Red Blue LED GrowLights
So, does it make sense to construct a luminaire that only contains a combination of red and blue LEDs? You bet a series of red and blue LEDs are provided in both round and rectangular panels. These LEDs can be hung above the plant or mounted on the wall. Some of them contain separate controls for manually adjusting the output ratio of red light to blue light. There are also some compact bulb-shaped products that can be screwed into a standard Edison base.
A large number of blue and red LED grow lights can replace high intensity discharge (HID) lamps and fluorescent lamps. Although the electroluminescence process itself does not generate much heat, the electrical energy used for this purpose does heat the LED base, and when these bases are put together, it generates enough heat, so a cooling fan is required. Fortunately, most of the heating takes place on the back of the lamp, so the LED lamp can still be closer to the plant than the HID lamp. You can also place smaller LED lights under the top of the plant canopy and directly between the plants to provide light to the lower leaves.

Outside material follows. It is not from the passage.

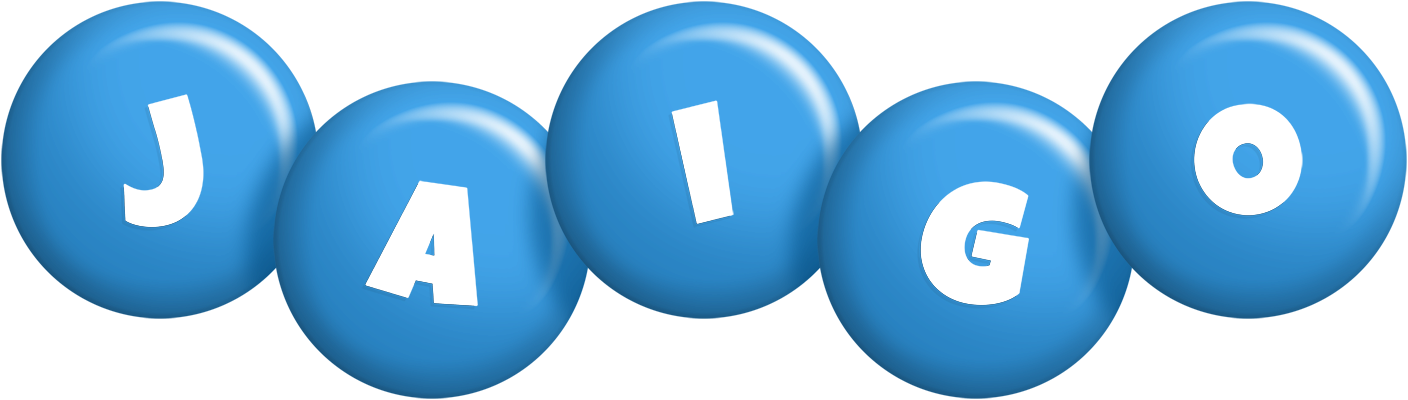 Jaigo candy-blue logo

What will the red blue led grow lights bring in the future? Well, an interesting idea is to produce a lamp whose red/blue ratio changes over time under computer control. This lamp will be similar to the lamp that has been produced that combines two colors, except that the circuits used to control the red and blue outputs will be automatically controlled by the computer. Why is this ideal? Well, many plants adjust their flowering and fruiting cycles based on the ratio of red light to blue light.
As summer ends, the relative amount of red light received by nature tends to increase. Many plants have evolved to use this phenomenon as a signal to switch from a vegetative growth mode to a reproduction mode. Therefore, it is conceivable that automatically imitating this gradually changing lamp over time can improve the growth performance of crops by placing plants in a more natural light environment.
Through further research, it may even be found that changing the ratio of red to blue during the day to simulate sunrise and sunset may have a beneficial effect on the growth of certain crops.
In addition, the use of wavelengths not directly related to photosynthesis (such as far-red or ultraviolet) may have an ideal effect on the growth process of plants. Therefore, even if LED does not play a direct role in these aspects of plant physiology in actual agricultural practice, it may also play a role in research.